As a follow-up to the article “Considerations regarding the consent of the interesvillage“, We offer you a comparative table on the legal regulation of consent.
| Regulation of the European Union 2016/679 of the Parliament and of the Council of 27 April 2016 on the protection of individuals with regard to the processing of personal data and on the free movement of such data repeals Directive 95/46 / EC (RGPD) |
Law 39/2015, of 1 October, on common administrative procedure of public administrations |
Law 15/1999, of 13 December, on the protection of personal data (LOPD) |
| "Considering (32): The consent must be given by means of a clear affirmative act that reflects a manifestation of free will, specific, informed, and unequivocal of theeresI agree to the processing of personal data that concerns me, such as a written statement, including by electronic means, or a verbal statement. This could include checking a box on a website on the Internet, choosing technical parameters for the use of information society services, or any other statement or conduct that clearly indicates in this context that theeresado accepts the proposal for the treatment of his personal data. Therefore, silence, already marked boxes or inaction should not constitute consent. Consent must be given for all processing activities carried out with the same or the same purposes. When the treatment has several purposes, consent must be given to all of them. (…)” |
In accordance with article 28.2 and 28.3, authorization to consult or obtain the corresponding data or documents is presumed, unless the express opposition or a special law applicable to the procedure requires express consent. |
Art. 3.h) of the LOPD, the consent of the interesconsent is defined as any manifestation of will, free, unequivocal, specific and informed, by which the interessat consents to the processing of personal data that concerns him. Art. 11.2 of the LOPD states that personal data may be transferred with the prior consent of the interested party.eressat unless a rule with the rank of law authorizes the transfer (art. 11.2.a), it is publicly accessible data (art. 11.2.b), or it is a consented and known legal relationship (art. 11.2.c), among others. |
- From this table it is clear that the LOPD and the European Regulation regulate the consent of the interessat in the same terms. However, the Regulation is more restrictive, as it considers vàlid express consent and does not accept the use of tacit consent. On the contrary, Law 39/2015 does accept tacit consent but requires the inclusion in the administrative procedure of the confirmation of the express opposition of the interested party.eresaffected. It should be added that the three legal regulations are in force, although the European Regulation will not be mandatory for Member States until May 2018.
- There is currently a technical committee that is assessing the involvement of the European Regulation in the Spanish LOPD. The Spanish Data Protection Agency has published some on its website recommendations on the practical implications of the General Data Protection Regulation for entities in the transition period until the mandatory date.
- The AOC, in charge of data processing, in accordance with article 22 of Law 29/2010, of 3 August, on the use of electronic media in the public sector of Catalonia, has to adapt to new legal obligations, including those arising from the European Regulation:
"Recital 42: When the treatment is carried out with the consent of the interesado, the person responsible for the treatment must be able to demonstrate that he has given his consent to the treatment operation. In particular in the context of a written statement made on another matter, there must be guarantees that the interesado is aware of the fact that he gives his consent and of the extent to which he does so. According to Directive 93/13/CEE of the Council (1), a model declaration of consent drawn up previously by the data controller must be provided with an intelligible and easily accessible wording that uses clear and simple language, and that does not contain abusive clauses. For the consent to be informed, the interesado must know at least the identity of the person responsible for the treatment and the purposes of the treatment for which the personal data is intended. The consent should not be considered freely given when the interesado does not enjoy true or free choice or cannot refuse or withdraw his consent without suffering any harm.

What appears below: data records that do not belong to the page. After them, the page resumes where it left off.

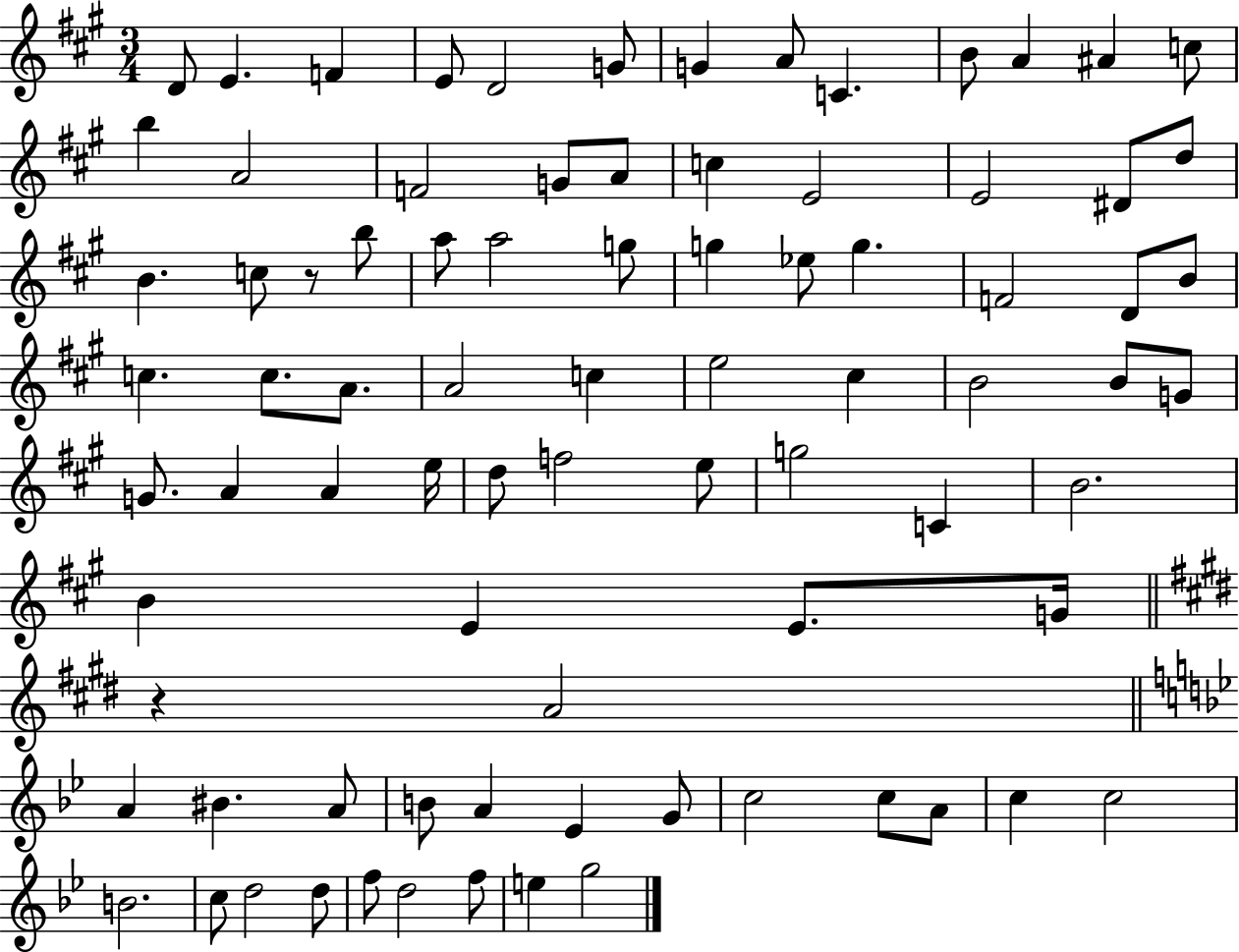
{
  \clef treble
  \numericTimeSignature
  \time 3/4
  \key a \major
  d'8 e'4. f'4 | e'8 d'2 g'8 | g'4 a'8 c'4. | b'8 a'4 ais'4 c''8 | \break b''4 a'2 | f'2 g'8 a'8 | c''4 e'2 | e'2 dis'8 d''8 | \break b'4. c''8 r8 b''8 | a''8 a''2 g''8 | g''4 ees''8 g''4. | f'2 d'8 b'8 | \break c''4. c''8. a'8. | a'2 c''4 | e''2 cis''4 | b'2 b'8 g'8 | \break g'8. a'4 a'4 e''16 | d''8 f''2 e''8 | g''2 c'4 | b'2. | \break b'4 e'4 e'8. g'16 | \bar "||" \break \key e \major r4 a'2 | \bar "||" \break \key g \minor a'4 bis'4. a'8 | b'8 a'4 ees'4 g'8 | c''2 c''8 a'8 | c''4 c''2 | \break b'2. | c''8 d''2 d''8 | f''8 d''2 f''8 | e''4 g''2 | \break \bar "|."
}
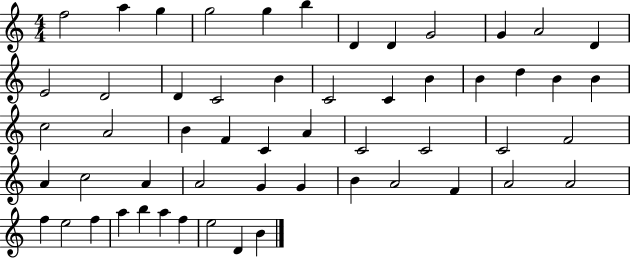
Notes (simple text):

F5/h A5/q G5/q G5/h G5/q B5/q D4/q D4/q G4/h G4/q A4/h D4/q E4/h D4/h D4/q C4/h B4/q C4/h C4/q B4/q B4/q D5/q B4/q B4/q C5/h A4/h B4/q F4/q C4/q A4/q C4/h C4/h C4/h F4/h A4/q C5/h A4/q A4/h G4/q G4/q B4/q A4/h F4/q A4/h A4/h F5/q E5/h F5/q A5/q B5/q A5/q F5/q E5/h D4/q B4/q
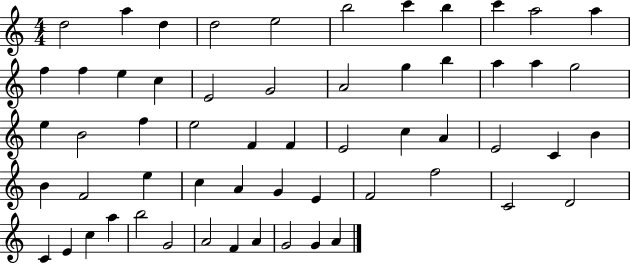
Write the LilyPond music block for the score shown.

{
  \clef treble
  \numericTimeSignature
  \time 4/4
  \key c \major
  d''2 a''4 d''4 | d''2 e''2 | b''2 c'''4 b''4 | c'''4 a''2 a''4 | \break f''4 f''4 e''4 c''4 | e'2 g'2 | a'2 g''4 b''4 | a''4 a''4 g''2 | \break e''4 b'2 f''4 | e''2 f'4 f'4 | e'2 c''4 a'4 | e'2 c'4 b'4 | \break b'4 f'2 e''4 | c''4 a'4 g'4 e'4 | f'2 f''2 | c'2 d'2 | \break c'4 e'4 c''4 a''4 | b''2 g'2 | a'2 f'4 a'4 | g'2 g'4 a'4 | \break \bar "|."
}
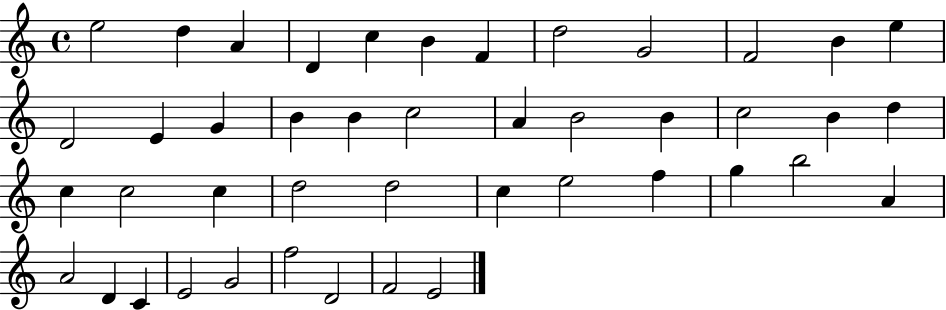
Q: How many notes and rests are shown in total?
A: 44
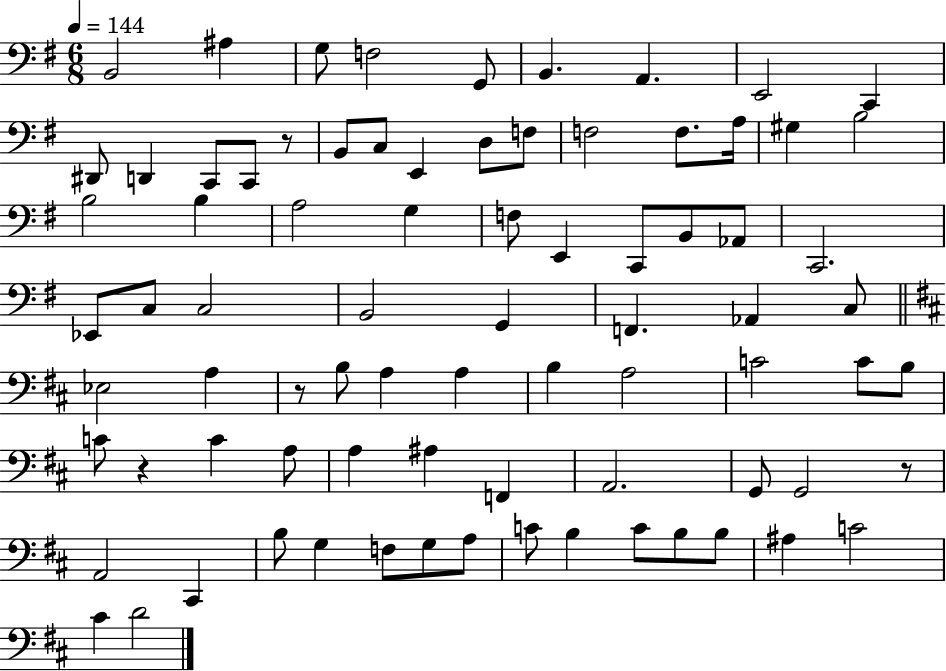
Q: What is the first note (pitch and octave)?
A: B2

Article 5. Principles relating to treatment
1. The personal data will be: (…)
- (f) processed in such a way as to ensure adequate security of personal data, including protection against unauthorized or unlawful processing and against accidental loss, destruction or damage, through the application of appropriate technical or organizational measures ('integrity and confidentiality ”).
2. The data controller shall be responsible for and able to demonstrate compliance with paragraph 1 ("proactive responsibility").
Article 7. Conditions for consent
1. When the treatment is based on the consent of the interesado, the person in charge must be able to demonstrate that he consented to the processing of his personal data.”